Bounds and boundedness
Let S be a nonempty set of real numbers. A number M is an upper bound for S if x ≤ M for every x in S. A number m is a lower bound if m ≤ x for every x in S. A set with an upper bound is bounded above, with a lower bound is bounded below, and with both is a bounded set. Note that bounds need not belong to S, and a set has infinitely many of them: if M works, so does anything larger.
The maximum of S, if it exists, is an upper bound that lies *inside* S. But many sets have no maximum: the open interval (0, 1) has no largest element, because for any x < 1 there is a larger element still below 1. We need a substitute that always exists for bounded sets — and that is the supremum.
The supremum: the least upper bound
The supremum of S, written sup S, is the least upper bound: a number L such that (1) L is an upper bound of S, and (2) no smaller number is an upper bound — if M < L, then M fails to bound S. Dually, the infimum inf S is the greatest lower bound. When sup S happens to lie in S, it equals the maximum; (0, 1) has sup = 1 but no maximum.
Claim: sup of S = { 1 - 1/n : n = 1, 2, 3, ... } equals 1.
Step 1 (upper bound): for every n, 1/n > 0, so 1 - 1/n < 1.

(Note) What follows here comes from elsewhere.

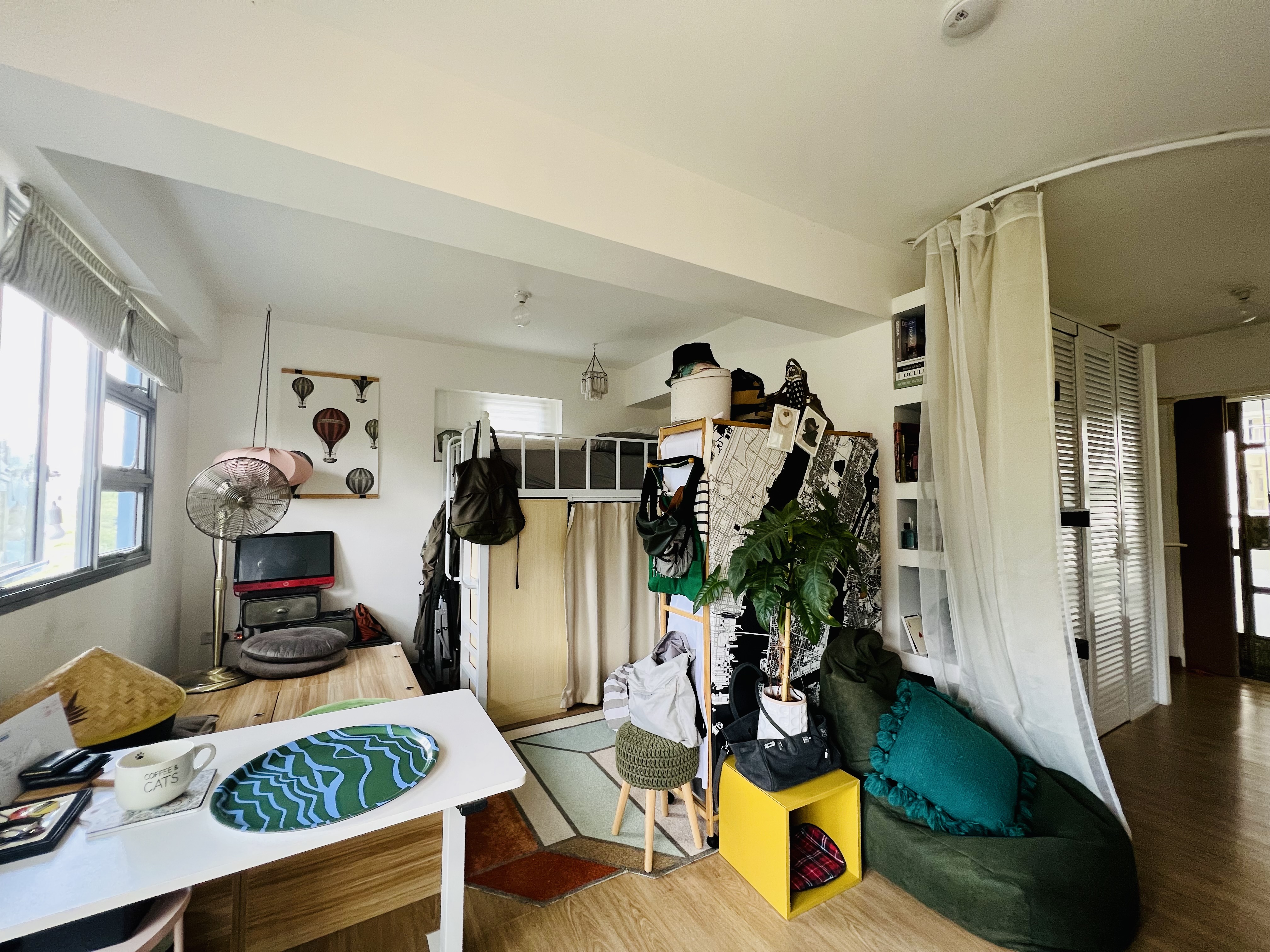 A Maximalist Haven ❤️ - Bustier room, cozy living space, modern decor, white walls, large window, wooden floor, green couch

Hence 1 is an upper bound.
Step 2 (least): fix any epsilon > 0. We must find x in S with x > 1 - epsilon.
Choose n large enough that 1/n < epsilon
(possible by the Archimedean property — guide 3).
Then 1 - 1/n > 1 - epsilon, and 1 - 1/n is in S.
By the epsilon characterization, sup S = 1.
Note 1 is NOT in S, so S has no maximum.